Populus ist die altrömische Bezeichnung für Pappeln, die zur Familie der Weidengewächse gehört und mit ihren rund 40 Arten weltweit vorwiegend in der nördlichen gemäßigten Zone beheimatet ist. Sie wachsen gerne an Fluss- oder Seeufern, sind sommergrüne Bäume und erreichen ein stattliche Wuchshöhe von 35 bis 45 Metern. Die meisten Arten der Pflanzengattung Populus wachsen im Jugendstadium und während der vegetativen Vermehrung sehr rasch und werden gerne in Brachland oder zerstörten Gebieten für eine schnelle, aggressive Kolonisation eingesetzt. Pappeln sind anspruchslos und passen sich erstaunlich gut an ihre Umgebung an. Gegen Überflutung und auch Überschlickung sind sie sehr tolerant, sie können sonnig bis absonnig stehen und arrangieren sich mit unterschiedlichen Bodenverhältnissen. Auf der anderen Seite vermindern sie Erosion und verbessern Luft- und Wasserqualität.

Auch das vegetative Erscheinungsbild am Seeufer der SeeEnd-Gemeinde war über viele Jahrzehnte von dieser Baumart geprägt. Über mehrere Kilometer beginnend beim Strandbad im Osten, zog sich die Baumschlange über den Schlößlepark zum Hafen- und Adlerbecken. Sie setzte sich oberhalb des Waschplatzes bis nach Westen zum Lettloch, dem heutigen Stockacher Yachthafen, fort. Auch an der westlichen Spitze, im Hangen, war eine größere Zahl von Pappeln entlang der Uferstraße zu finden.

Initiator für diese große Pflanzaktion war Altbürgermeister Eugen Jegler, der das See-End-Ufer mit einer strammen Reihe „Baumsoldaten“ bepflanzen und eine weithin sichtbare Populus-Allee schaffen wollte. Mein Großvater Josef Trisner war zu dieser Zeit als Landschaftsgärtner bei der Gemeinde aktiv und hat einen Großteil dieser schnellwachsenden „Pyramiden-Pappeln“ gepflanzt.

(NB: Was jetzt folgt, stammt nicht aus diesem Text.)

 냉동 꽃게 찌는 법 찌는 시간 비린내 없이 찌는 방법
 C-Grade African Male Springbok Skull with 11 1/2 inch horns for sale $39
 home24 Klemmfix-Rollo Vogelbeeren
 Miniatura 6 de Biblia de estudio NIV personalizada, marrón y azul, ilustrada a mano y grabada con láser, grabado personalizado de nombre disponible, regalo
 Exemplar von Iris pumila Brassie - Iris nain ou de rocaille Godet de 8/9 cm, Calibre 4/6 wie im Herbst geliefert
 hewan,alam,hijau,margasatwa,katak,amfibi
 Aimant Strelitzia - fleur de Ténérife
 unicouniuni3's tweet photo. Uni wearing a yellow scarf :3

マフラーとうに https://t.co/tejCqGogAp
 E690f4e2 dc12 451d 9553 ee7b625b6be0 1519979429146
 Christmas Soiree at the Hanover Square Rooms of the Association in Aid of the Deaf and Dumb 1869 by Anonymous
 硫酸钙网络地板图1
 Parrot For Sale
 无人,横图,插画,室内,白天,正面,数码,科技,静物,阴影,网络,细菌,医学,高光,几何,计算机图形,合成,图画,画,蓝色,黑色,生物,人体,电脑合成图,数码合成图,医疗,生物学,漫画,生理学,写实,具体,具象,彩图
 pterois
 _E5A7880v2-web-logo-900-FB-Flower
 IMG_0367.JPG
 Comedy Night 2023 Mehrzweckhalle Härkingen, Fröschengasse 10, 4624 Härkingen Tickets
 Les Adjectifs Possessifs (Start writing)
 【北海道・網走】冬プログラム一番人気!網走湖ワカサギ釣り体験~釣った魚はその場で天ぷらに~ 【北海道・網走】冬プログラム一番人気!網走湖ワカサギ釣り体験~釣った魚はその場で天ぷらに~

Bei den Einheimischen war der gemeine Spruch „Mir treffed uns a de Pappele“ durchaus üblich, allerdings immer mit der Ergänzung, an welchem Teil der Baumstrecke dies geschehen sollte, um Irritationen und langes Suchen zu vermeiden. So manches Pärchen fand sich im Sonnenschatten oder auch im schillernden Mondlicht unter dem Dach der Pappel und es war dann schwer zu differenzieren, ob das „zittern wie Espenlaub“ von den flatternden Baumblättern oder von der darunterliegenden, spannungsgeladenen Atmosphäre herrührte. Denn, so mutmaßt der Schreiber mit einem Augenzwinkern, „hot sich die nächtliche Silhouette vu nem engumschlungene Päärle kaum vu Holz und Borke der Pappele unterschiede“.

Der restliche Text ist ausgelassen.